*Task description:*
Below are the records; copy exactly the lines from the first through the one containing "Erling Haaland ka", both included, and leave out the pictures.

*Dataset records:*
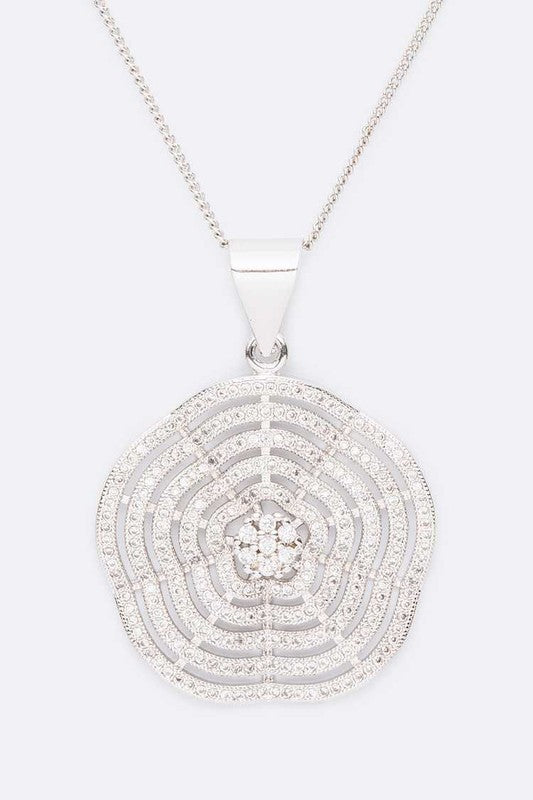 Cubic Zirconia Wavy Pendant Necklace Set - steven wick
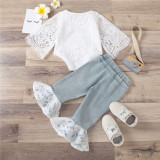 Baby Girl Lace Hollow Cut Bodysuit and Lace Ripped Flared Pants Two Pieces
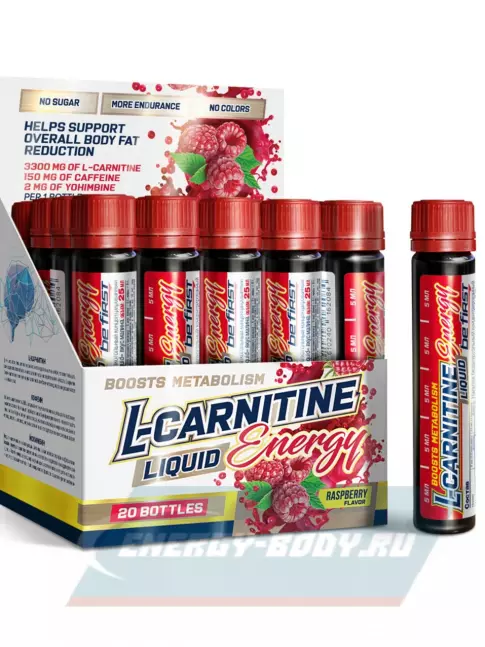L-Карнитин Be First L-Carnitine Liquid Energy 20 х 25 мл, Малина
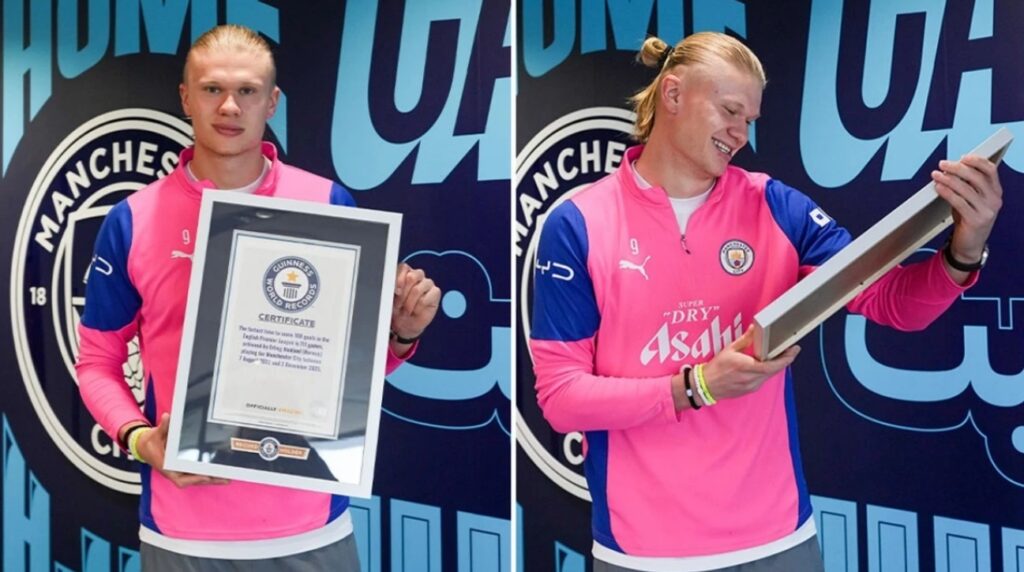 Erling Haaland ka marrë katër certifikata të Rekordeve Botërore Guinness për arritjet e tij në Ligën Premier, Ligën e Kampionëve dhe Ligën e Kombeve.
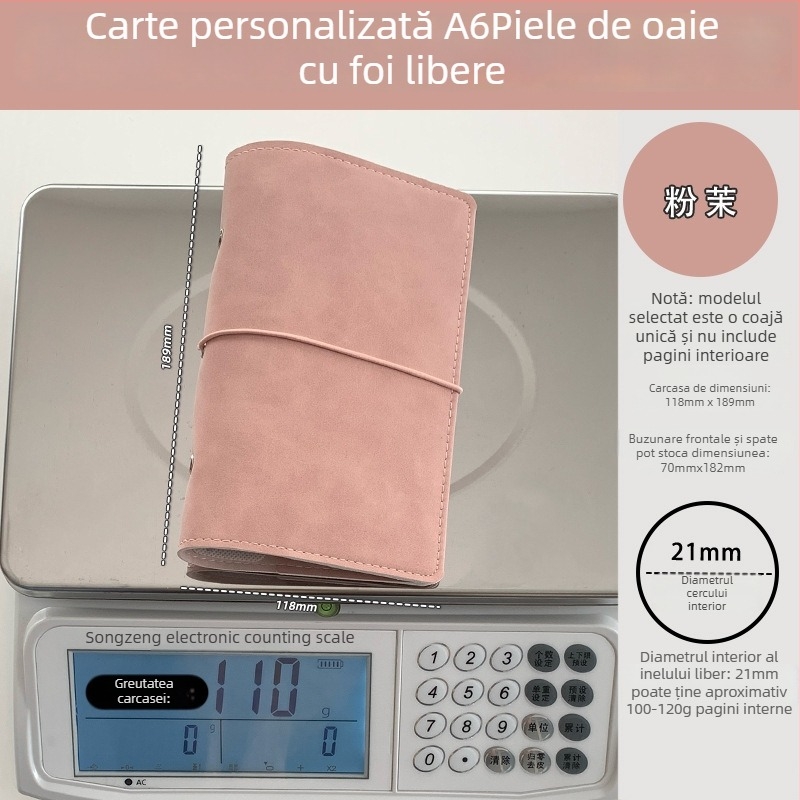 Caiet cu foi detașabile, husă PU din piele de miel, stil creativ, Language path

*Task response:*
 Cubic Zirconia Wavy Pendant Necklace Set - steven wick
 Baby Girl Lace Hollow Cut Bodysuit and Lace Ripped Flared Pants Two Pieces
L-Карнитин Be First L-Carnitine Liquid Energy 20 х 25 мл, Малина
 Erling Haaland ka marrë katër certifikata të Rekordeve Botërore Guinness për arritjet e tij në Ligën Premier, Ligën e Kampionëve dhe Ligën e Kombeve.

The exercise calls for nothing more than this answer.